In the last few days I picked up some really good, useful books. The first one was the english translation of Yoshida Style – Sculpting Ball Jointed Dolls. This is said to be one of the best books on the market on the subject. It IS really good. (I probably shouldn’t tell you that I found it at a used book store for 8 dollars .. 😀 )
This books is super detailed and I like it a lot. I do hold an objection with it though. I can’t confirm it until I actually make one myself modelled after this style though. The premise of this book is that you carve the base of your doll out of styrene, then cover it in La Doll air dry clay. In the beginning of the book however it says that this clay is a little bit brittle. During the course of the book you eventually pull the styrene out of the doll, and leave yourself with a hollow doll. Where does the strength come from when you eventually string your doll with elastic? I would imagine that the joints would fracture if you did much with this doll. This, (to me) is troubling. I have been working out in my head where the strength comes from.
When he finishes his doll he uses an unusual ingredient, and I wonder if this is where some of the re-inforcement comes from. They use crushed shells (into powder) mixed with gesso, paint and something else (i forget). While the shell would be strong, I cant see it forming a cement bond because none of these ingredients form a glue (as far as I can tell). They do use about 4-5 layers on the doll, before painting it, so perhaps?
My own idea might be that you may want to mix up casting resin rather thin, and pour it into the inside of the dolls body, and rotate, tilt etc, to coat the inside cavity.. doing this a few times for some added tensile strength.
Also this book is good for more than just the sculpting.. It has everything from eye making, hands/feet, wigging, painting, and some clothing. It really did earn its name as one of the top books out there.
The second book I picked up was Creative Cloth Doll Collection. (I got this for $16 from Jo-anne Fabric with a 40 percent coupon, available on their website in the mapping section, good for one item, instore or online) While I am not necessarily into making cloth dolls, it is the body I am interested in, and as always, the process. This book is also well worth the money you pay. It has all sorts of patterns in it, lessons for drawing, stuffing, painting, beading, sewing, wigging, clothes making, color choices, and on and on. This book is full color and has gorgeous photos in all states of dolls made and unmade.

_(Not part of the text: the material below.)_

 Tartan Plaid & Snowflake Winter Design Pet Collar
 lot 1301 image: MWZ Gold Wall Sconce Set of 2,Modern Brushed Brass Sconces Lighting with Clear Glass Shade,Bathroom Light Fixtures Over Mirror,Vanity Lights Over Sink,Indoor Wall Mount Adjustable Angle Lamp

A book I am really looking forward to that should be out by the end of 2013 is another ball jointed doll maker, Kori Leppart Butts. Her Etsy shop is Here, and her Blog is Here. She has two tutorial DVD’s out which (in my opinion) are on the expensive side. I am sure that they would be worth getting, but I am not sure I could put out 65 dollars a piece in good conscience for them. BUT, If I can wait.. she has a book which will be coming out at the end of the year that should cover everything. This would be the first, english, American book on ball jointed dolls. Believe me, material in book form is pretty rare on this subject.
If anyone has any comments or reviews on the DVD’s I would really appreciate hearing them.